Stratification is a technique developed for survey sampling in which a population is partitioned into subgroups (i.e., stratified) and each group (i.e., stratum) is sampled independently. If the subgroups are more homogeneous (i.e., lower variance) than the population as a whole, this can reduce variance in the estimate of a quantity of interest at the population level.
Poststratification is a technique for adjusting a non-representative sample (i.e., a convenience sample or other observational data) for which there are demographic predictors characterizing the strata. It is carried out after a model is fit to the observed data, hence the name poststratification (Little 1993). Poststratification can be fruitfully combined with regression modeling (or more general parametric modeling), which provides estimates based on combinations of predictors (or general parameters) rather than raw counts in each stratum.
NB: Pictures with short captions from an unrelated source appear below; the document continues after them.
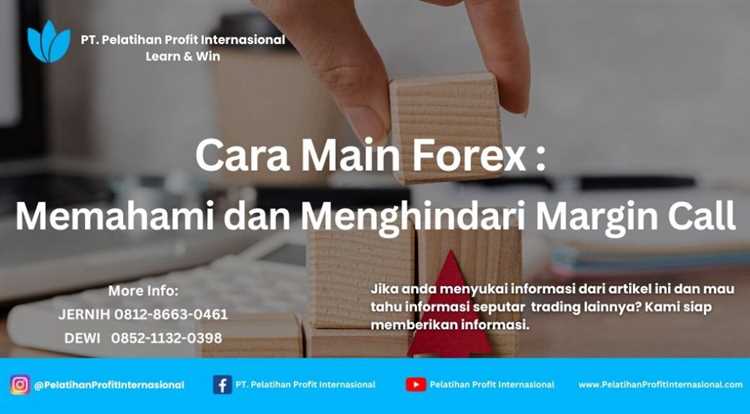 Dampak Margin Call pada Akun Trading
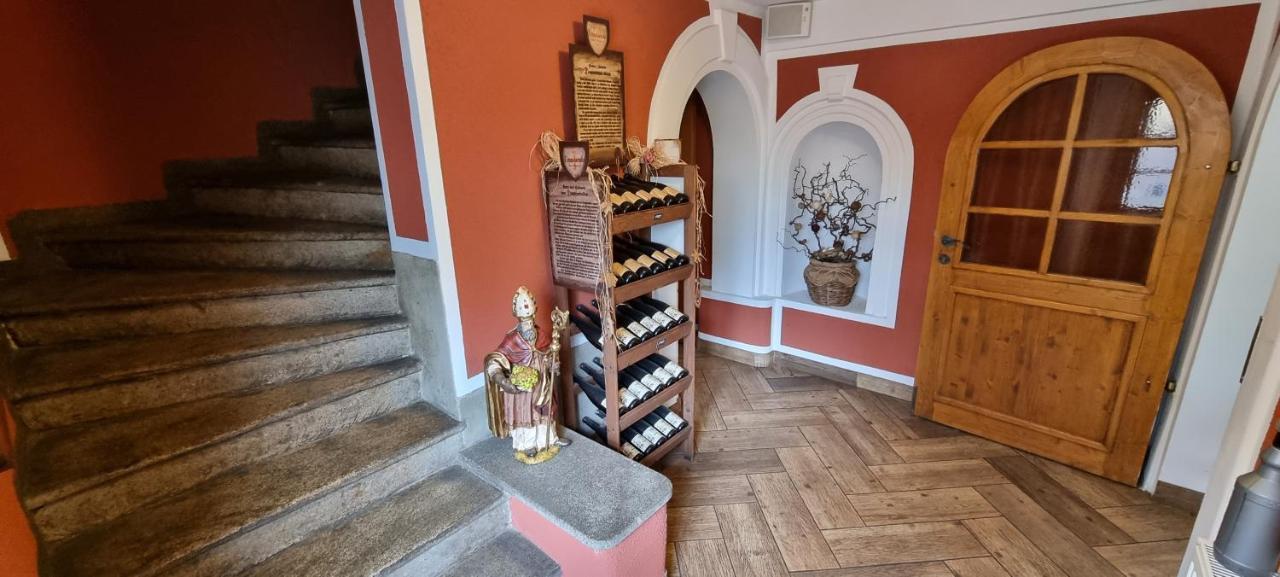 Restaurant & Pension Liebenstein Libá المظهر الخارجي الصورة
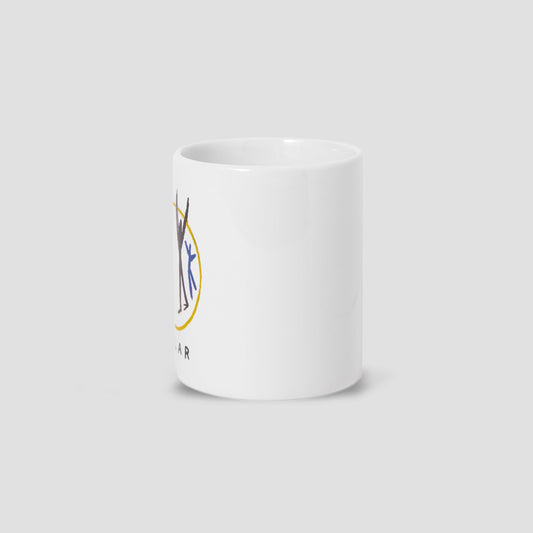 Polar Polar Gang Mug White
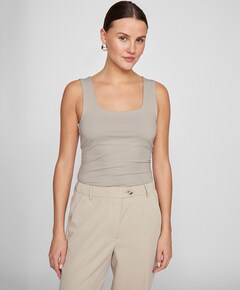 Dames top beige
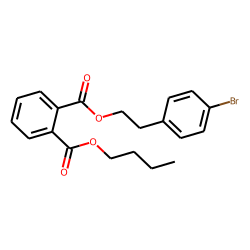 Phthalic acid, 2-(4-bromophenyl)ethyl butyl ester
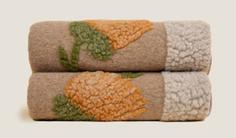 Frati Home Pledd Kokt-Ull FaneZafferato 150x190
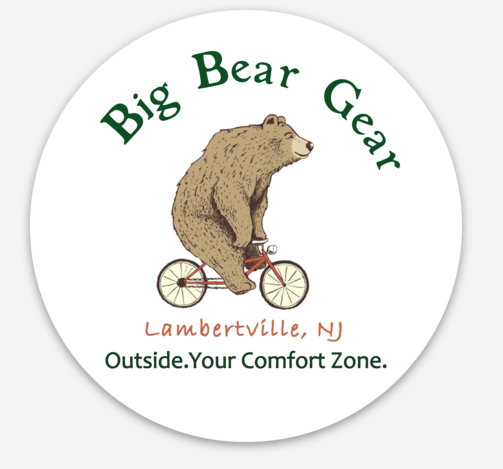 Big Bear Gear - Circle Sticker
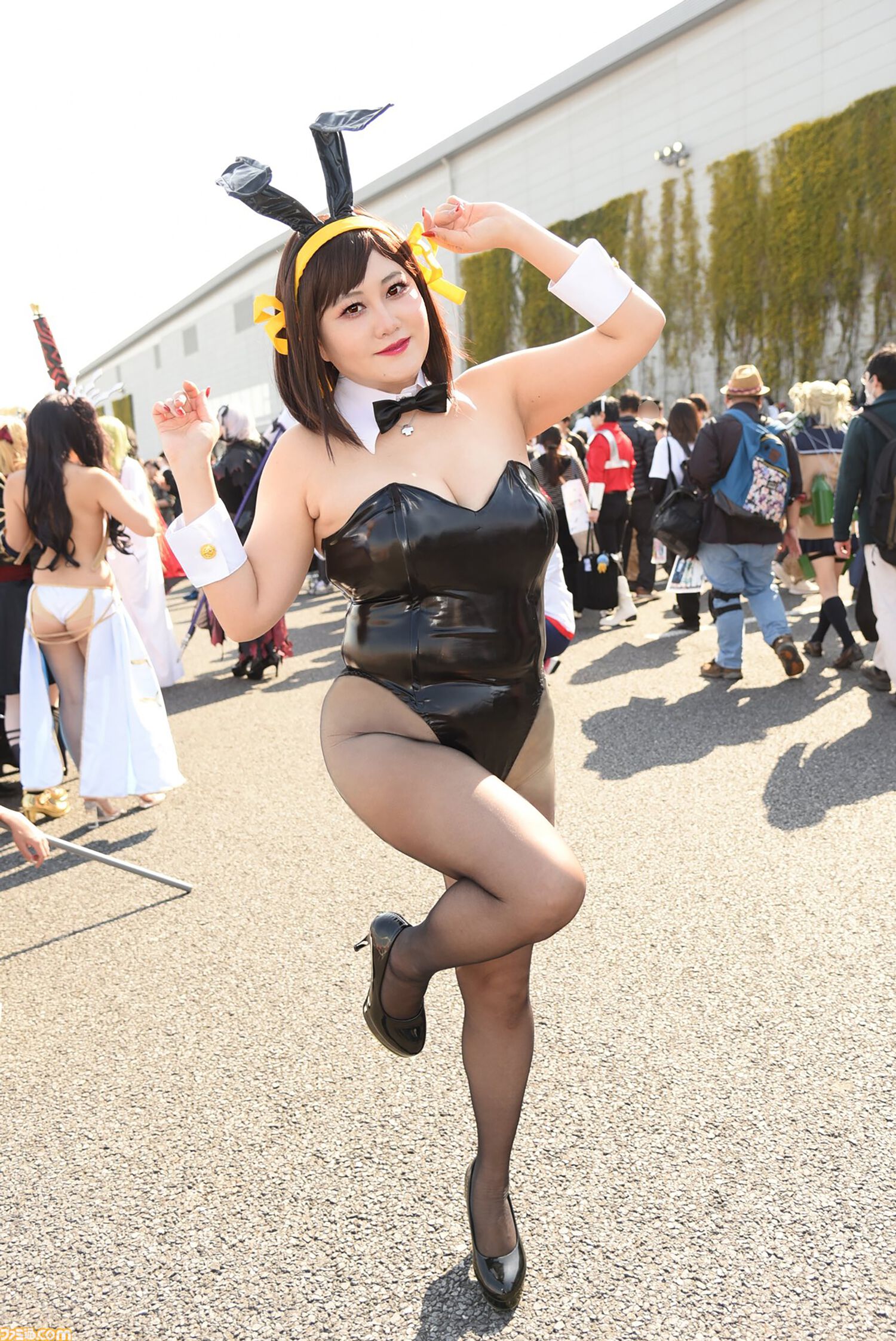 【コスプレ】『FGO』茨木童子や酒呑童子、『サカモトデイズ』大佛、『炎炎ノ消防隊』環古達……そして『黒神話：悟空』の迫力がすごい“Animejapan 2025”リポート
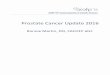 Prostate Cancer Update 2016 - ACOFP · Prostate Cancer Update 2016 Ronnie B. Martin, DO, FACOFP Dean Liberty University College of Osteopathic Medicine Prostate cancer 33% of the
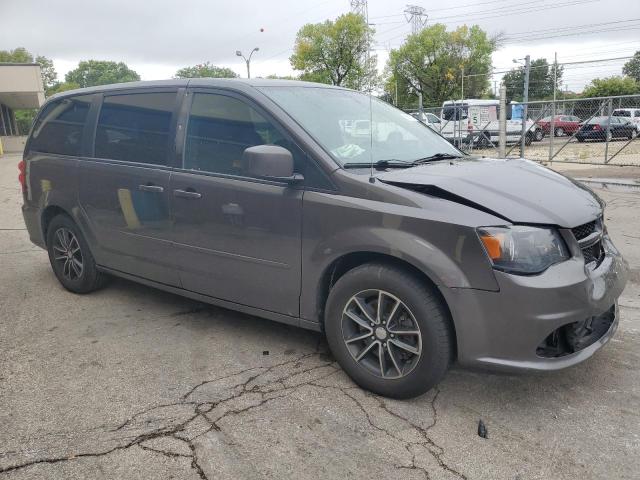 2C4RDGBG4HR602089 - 2017 DODGE GRAND CARA SE GRAY photo 4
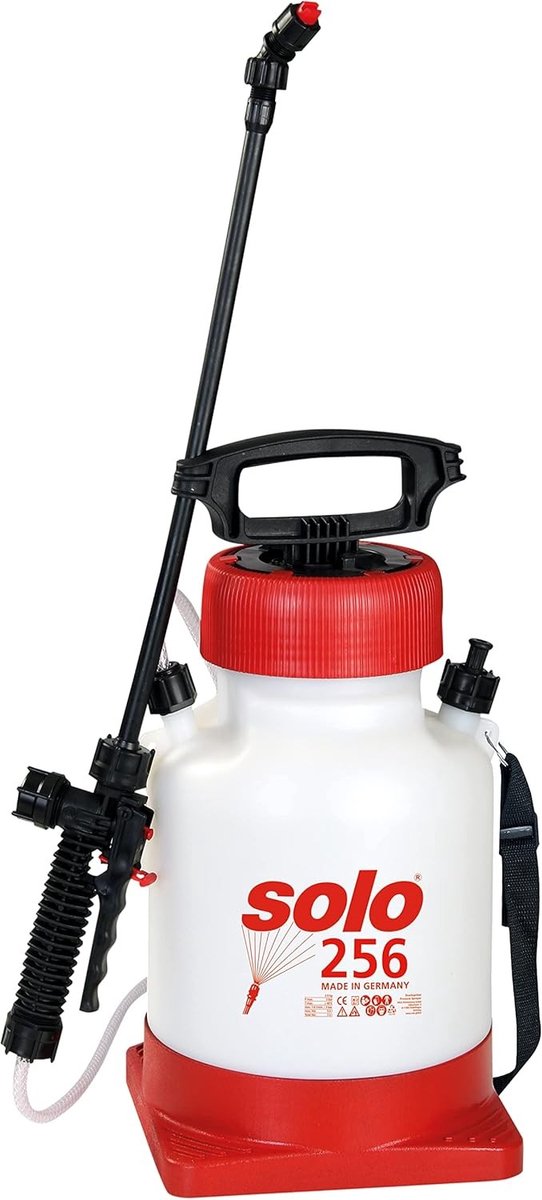 Drukspuit - Wit - Professioneel Sproeiapparaat - 5 Liter Capaciteit - Voor Tuin, Industrie en Bosbouw
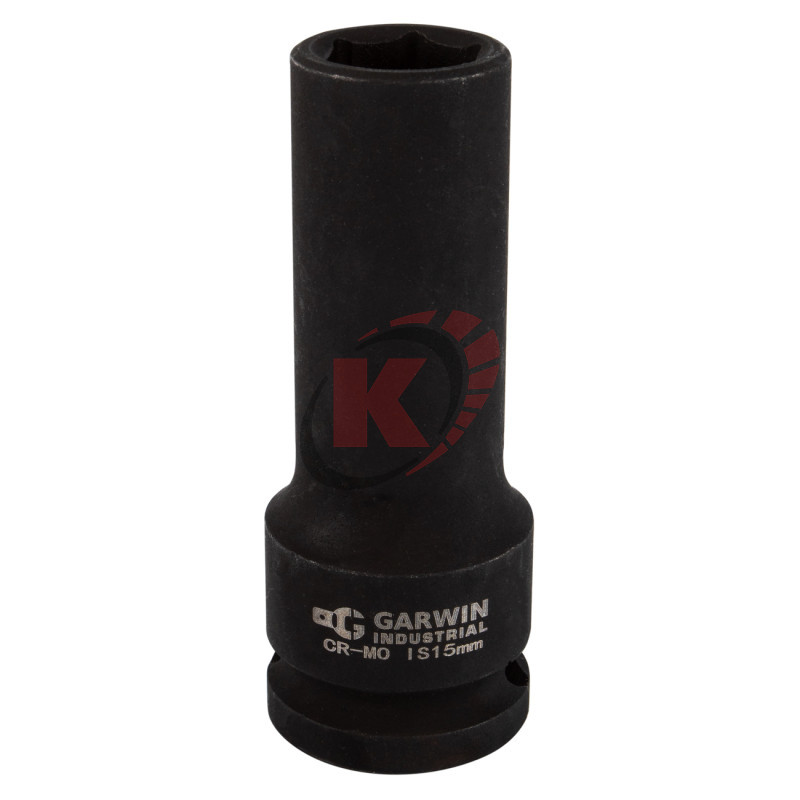 Головка торцевая 6гр. 1/2" S=16мм L=78мм ударная (620272-16) Garwin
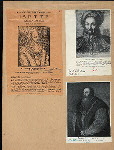 A sheet with seven portraits and busts of Pietro Aretino (back side of the sheet).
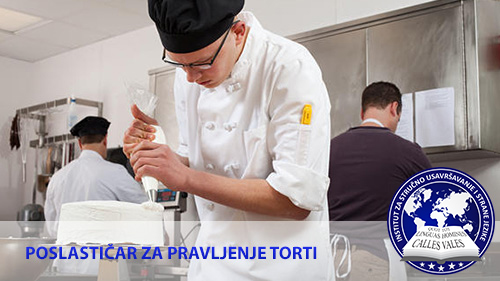 Kurs za poslastičara za pravljenje torti Novi Sad | Institut za stručno usavršavanje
Multilevel modeling is useful in determining how much partial pooling to apply in the regressions, leading to the popularity of the combination of multilevel regression and poststratification (MRP) (Park, Gelman, and Bafumi 2004).
Little, Roderick JA. 1993. “Post-Stratification: A Modeler’s Perspective.” Journal of the American Statistical Association 88 (423): 1001–12.
Park, David K, Andrew Gelman, and Joseph Bafumi. 2004. “Bayesian Multilevel Estimation with Poststratification: State-Level Estimates from National Polls.” Political Analysis 12 (4): 375–85.